In this immigrant boomtown in Atkinson County, about 45 miles north of the Florida border, the ministers have forged a rare friendship that transcends the deep divide between blacks and Hispanics here.

For centuries, the South has been defined by the color line and the struggle for accommodation between blacks and whites. But the arrival of hundreds of thousands of Hispanic immigrants over the past decade is quietly changing the dynamics of race relations in many Southern towns.

The two pastors find that the fault lines that separate their communities sometimes test their friendship and challenge their efforts to bring blacks and Hispanics closer together.

Blacks here, who had settled into a familiar, if sometimes uneasy, relationship with whites, are now outnumbered by Hispanics. The two groups, who often live and work side by side, compete fiercely for working-class jobs and government resources. By several measures, blacks are already losing ground.

The jobless rate for black men in Georgia is nearly triple that of Hispanic men, labor statistics show. More blacks than Hispanics fail to meet minimum standards in Atkinson County public schools. And many blacks express anguish at being supplanted by immigrants who know little of their history and sometimes treat them with disdain as they fill factory jobs, buy property, open small businesses and scale the economic ladder.

“If you have 10 factory openings, I would say Hispanics would get the majority of the jobs now,” said Joyce Taylor, the Atkinson County clerk, who is black. “And if you look at the little grocery stores, there are more Hispanic businesses than black businesses.”

“It’s kind of scary,” said Ms. Taylor, 44, whose daughter was laid off from a factory here. “My children, looking forward, it may be harder for them.”

Some Hispanics say African-Americans treat them with hostility and disparage them with slurs, even though blacks know the sting of racism all too well. They say many blacks are jealous of their progress and resent the fact that whites, who dominate the business sector, look increasingly to Hispanics to fill work forces. Blacks say employers favor immigrants because they work for less money.

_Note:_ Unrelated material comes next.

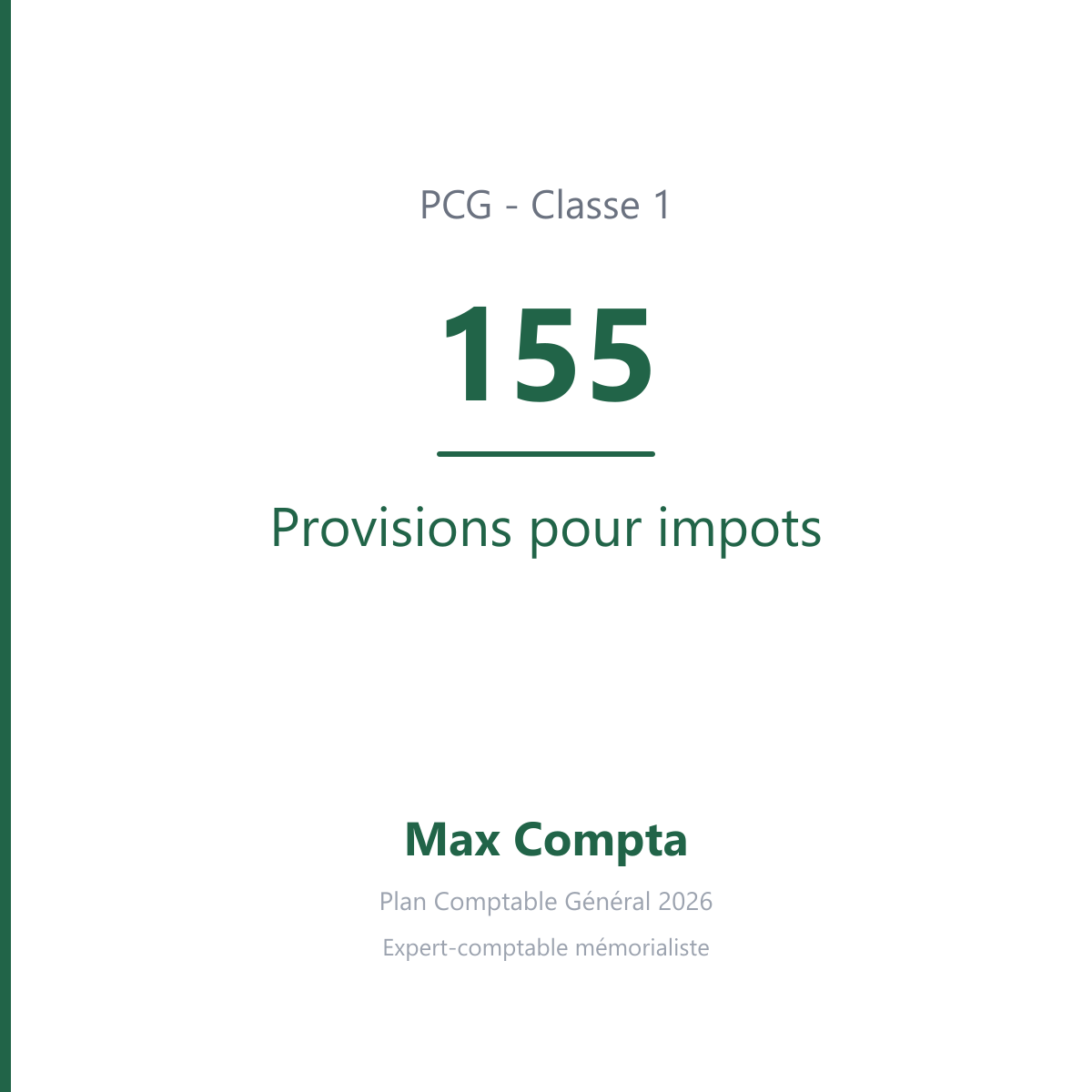 Compte 155 Provisions pour impots - PCG classe 1 comptes de capitaux - écriture comptable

An Area of Intense Feelings

The killing of six Mexican farm workers in a robbery last year in Tifton, about 30 miles away — and the arrest of four black men in the case — has heightened the friction. Nothing so violent has occurred here, but some Hispanics say black criminals focus on immigrants in this town, too.

Speaking of blacks, Benito González, 51, a Mexican who has worked alongside them at a poultry plant, said: “They don’t like to work, and they’re always in jail. If there’s hard work to be done, the blacks, they leave and they don’t come back. That’s why the bosses prefer Mexicans and why there are so many Mexicans working in the factories here.”

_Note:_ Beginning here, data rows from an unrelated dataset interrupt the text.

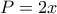P=2x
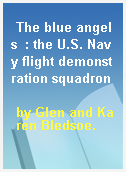 The blue angels  : the U.S. Navy flight demonstration squadron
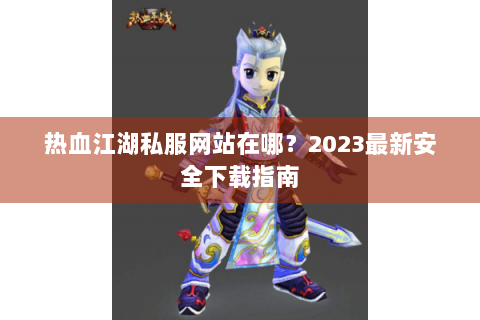热血江湖私服网站在哪？2023最新安全下载指南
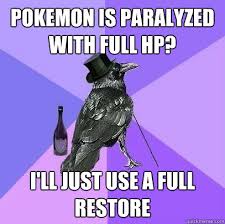 Pokemon is paralyzed with full HP? I&#39;ll just use a full restore ... via Relatably.com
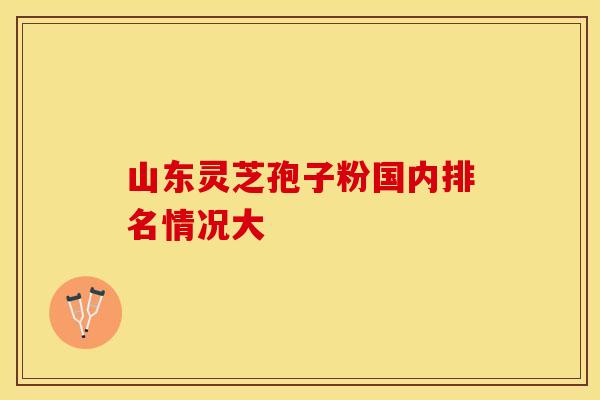 山东灵芝孢子粉国内排名情况大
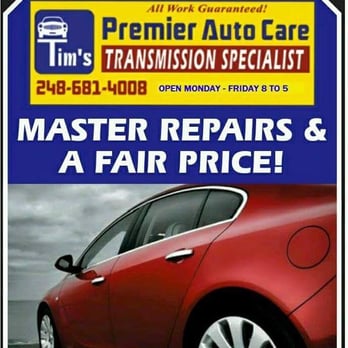 Tims Premier Auto Care - Auto Repair Near Me - Waterford, Michigan Tims Premier Auto Care - Auto Repair Near Me - Waterford, Michigan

Such images stoke the debate over how to overcome tensions, which flared nationally this year when some African-Americans expressed anger and unease as immigrant groups hailed efforts to legalize illegal immigrants as a new civil rights movement. Although the push in Congress to create a guest-worker program has stalled, concerns about competition between black and immigrant low-wage workers remain.

Those feelings resonate with particular intensity in the South, home to the nation’s largest share of African-Americans and its fastest-growing population of immigrants, according to an analysis of census data by William H. Frey, a demographer at the Brookings Institution.

The two Pentecostal ministers who pray together are men of faith who say they believe that blacks and Hispanics should be allies in the struggle to overcome discrimination and economic adversity, even though they acknowledge that interethnic unity is often hard to come by.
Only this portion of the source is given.